Stock photo courtesy of Pixabay.com.

As Alzheimer Awareness Month comes to an end, officials at the Alzheimer Society of Chatham-Kent are reassuring families affected by dementia that there is help.

CEO Brandon Ball says the agency offers a variety of services and programs for those living with the disease so they and their families don’t have to suffer in silence.

“Especially during COVID, so many people sitting at home in silence helping a care partner, it’s exhausting,” Ball says. “We have in-home respite services, we have day programs in Chatham and Wallaceburg, there’s social workers that are on site that to assessments, and we’ve got education always provided throughout the community.”

Attendance at the day program in Wallaceburg has declined over the last year or so coming out of the pandemic, but Ball says the service is there to help those who need it.

“Sending a loved one, a client, to a day program and they get to spend the day having a great social time.

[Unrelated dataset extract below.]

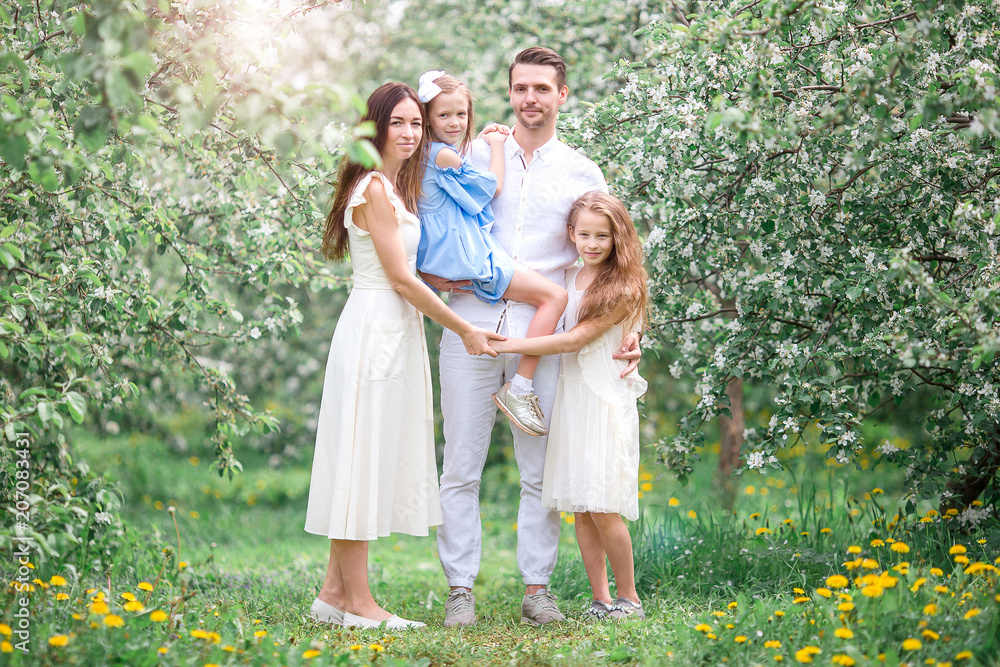 Adorable family in blooming cherry garden on beautiful spring day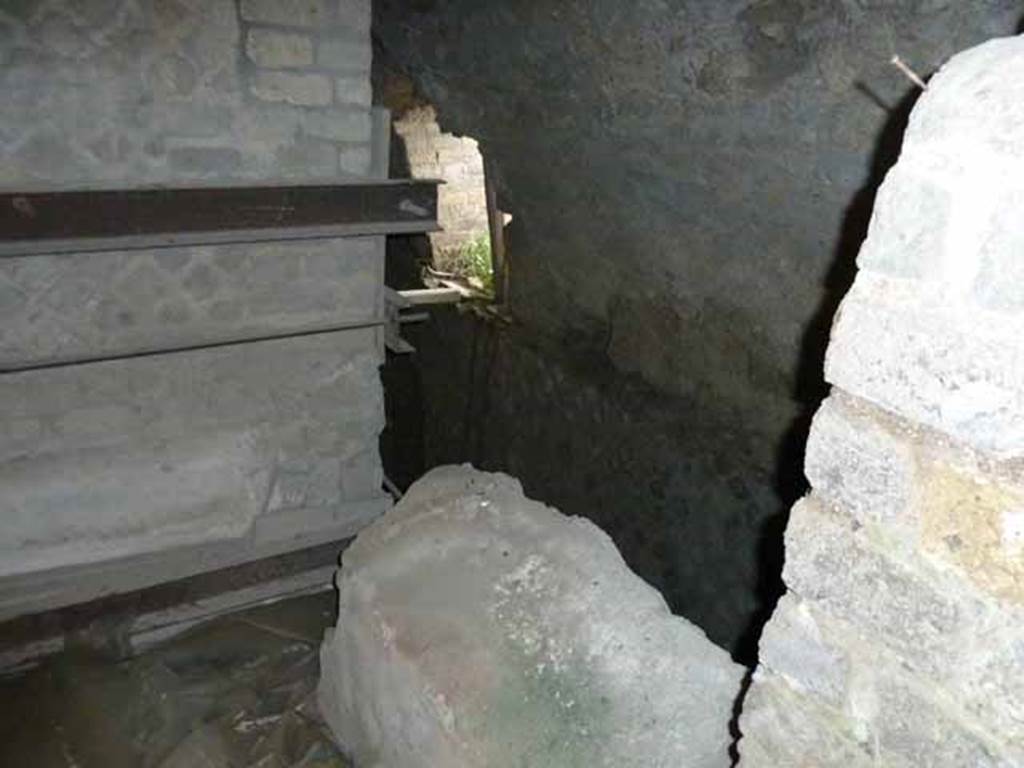 VII.16.a Pompeii. May 2010. Looking down from window in the rear wall, into corridor at rear.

They do physical activities and they promote that brain health and those sorts of things that really are very important to anyone going thorough any sort of experience with dementia.”

Ball says day programs serve as a much-needed break for caregivers so they can do their regular day-to-day activities without having to worry.

Information on the day program and other services can be found by contacting the Alzheimer Society of Chatham-KentĀ by calling 519-352-1043 or emailing info@alzheimerchathamkent.ca.

Meantime, the Alzheimer Society is preparing for its largest annual fundraiser with the Walk for Alzheimer’s coming up in May. More details on that event will be released in the next few months.